3

To find the intersection of N arrays I have this implementation, which is horribly inefficient. I know there has to be an algorithm out there to speed this up.

note: myarray is the array containing all my other arrays for which I want to find the intersection for.

var
i, j, k: integer;
myarray: Array of Array of integer;
intersection: array of integer;

for I := 0 to length(myarray)-1 do
  begin
    for J := 0 to length(myarray)-1 do
    begin
      if i = j then
        continue;
      for k := 0 to length(myarray[i])-1 do
      begin
        if myarray[i][j] = myarray[j][k] then
        begin
          setLength(intersection, length(intersection)+1);
          intersection[length(intersection)-1] := myarray[j][k];
        end;
      end;
    end;
  end;

What optimization can I apply to speed this up? Is there a faster way of doing this?

EDIT: Data in arrays are unsorted.

Daisetsu
  • 4,846
  • 11
  • 50
  • 70
  • 1
    I don't see how this is valid code in the first place. You use `j` to index into the outer array *and* the inner array in the same expression. That's only valid if all the integer arrays are guaranteed to be the same length as the *number* of integer arrays you have. Also, are the arrays' contents in a predictable and consistent order (sorted)? – Rob Kennedy Jan 27 '12 at 19:22
  • Many optimizations depend on the nature of the array data. If they are sorted then you can replace the linear search with a binary search for instance. – Kenneth Cochran Jan 27 '12 at 19:35
  • I just looked at the code and realized my implementation won't work. I hadn't actually compiled it yet. – Daisetsu Jan 27 '12 at 19:46
  • 3
    That's quite a howler, Daisetsu! All the speed in the world isn't worth a thing if you don't yet have correctness nailed down. – Rob Kennedy Jan 27 '12 at 20:34

3 Answers3

10

There is a faster way: the list comparison algorithm. It allows you to compare two lists in linear time instead of quadratic time. Here's the basic idea:

  1. Sort both lists by the same criteria. (Make copies of the lists first, if you need to preserve the original ordering.)
  2. Start at the top of both lists. Pick the first item from each and compare them.
  3. If they match, handle the case and advance the index for both lists.
  4. If they don’t match, loop through, advancing the index for the list with the “lesser” value each time, until a match is found.
  5. When you reach the end of either list, you’re done. (Unless you want to handle any leftovers from the other list.)

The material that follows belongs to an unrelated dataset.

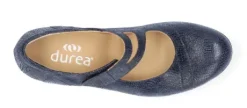 Bandschoenen<Durea - Wijdte G - 5737 0855 - Blauw - Uitneembaar voetbed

This can be extended to deal with more than 2 lists with a bit of effort.

Mason Wheeler
  • 82,511
  • 50
  • 270
  • 477
5

Unfortunately, you have not updated your question yet, so it still is not exactly clear what you are asking. E.g. you talk about an intersection (which should search for values that exist in every single array), but from the (not working) code it seems you are simply searching for duplicates in any of the arrays.

Although Mason's answer points to an obvious general solution for these kind of algorithms, I believe it is somewhat different for such a multi-dimensional array. I worked out two routines for determination of (1) the intersection as well as (2) the duplicates. Both assume unordered content of unequal length in the arrays.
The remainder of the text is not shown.